Candidates applying for post in an exceedingly explicit recruiting workplace ought to be skilled within the language (i.e. understand to browse, write, speak and perceive the language) of the state/ any of the states falling underneath the recruiting workplace.
RBI Assistant Age Limit: 20 to twenty-eight years
Selection method for Assistant Posts Selection for the posts are going to be done through:
ONLINE examinations in section - I and
section - II Language Proficiency take a look at (LPT).

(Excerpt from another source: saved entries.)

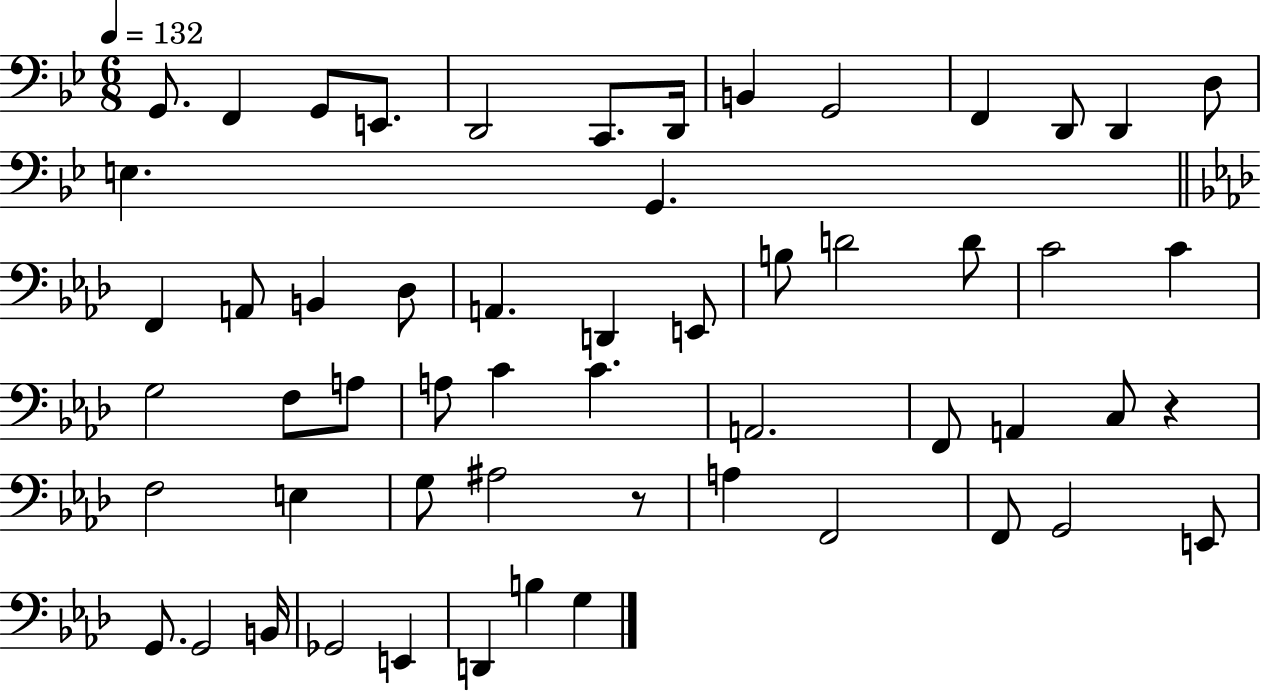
{
  \clef bass
  \numericTimeSignature
  \time 6/8
  \key bes \major
  \tempo 4 = 132
  g,8. f,4 g,8 e,8. | d,2 c,8. d,16 | b,4 g,2 | f,4 d,8 d,4 d8 | \break e4. g,4. | \bar "||" \break \key aes \major f,4 a,8 b,4 des8 | a,4. d,4 e,8 | b8 d'2 d'8 | c'2 c'4 | \break g2 f8 a8 | a8 c'4 c'4. | a,2. | f,8 a,4 c8 r4 | \break f2 e4 | g8 ais2 r8 | a4 f,2 | f,8 g,2 e,8 | \break g,8. g,2 b,16 | ges,2 e,4 | d,4 b4 g4 | \bar "|."
}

Selection pattern for RBI Assistant Preliminary exam :
RBI Assistant examination Pattern RBI Assistant Prelims examination Pattern: Total variety of queries - one hundred in three sections (30 on English Language, 35 on Maths and 35 on Reasoning Ability)
Note: there'll be negative marking of 1/4th marks in each prelims and mains
RBI Assistan LPT 2022 Those who qualify within the mains examination can have to be compelled to endure a language proficiency take a look at (LPT). The language proficiency take a look at are going to be conducted within the Official / native Language of the State involved as elaborated below). Candidate not skilled within the Official / native Language shall be disqualified.
The workplace wise native language/s is/are as follows: Ahmedabad – Gujarati
Go to the official web site of rbi - opportunities.rbi.org.in and visit 'Current Vacancies' then 'Vacancies' Now, click on and click on on the choice "Recruitment for the post of Assistant" which can open a brand new screen.
To register application, select the tab "Click here for new Registration" and enter Name, Contact details and Email-id.
Validate your details and Save your application by clicking the 'Validate your details' and 'Save & Next' button
Upload image & Signature as per the specifications given within the pointers for Scanning and transfer of Photograph and Signature.
Now, fill in alternative details of the applying type.
Click on the Preview Tab to preview and verify the whole form before FINAL SUBMIT.
Modify details, if needed, and click on on 'FINAL SUBMIT' solely once confirming and guaranteeing that the photograph, signature uploaded and alternative details stuffed by you're correct.
Click on 'Payment' Tab and proceed for payment. Click on 'Submit' button.
FAQ what’s Assistant salary? Around 30000/- to 35000/-
Who will apply for Assisant Vacancy 2022 ?
Graduates between 20 and 28 years getting on 2022 are eligible to apply.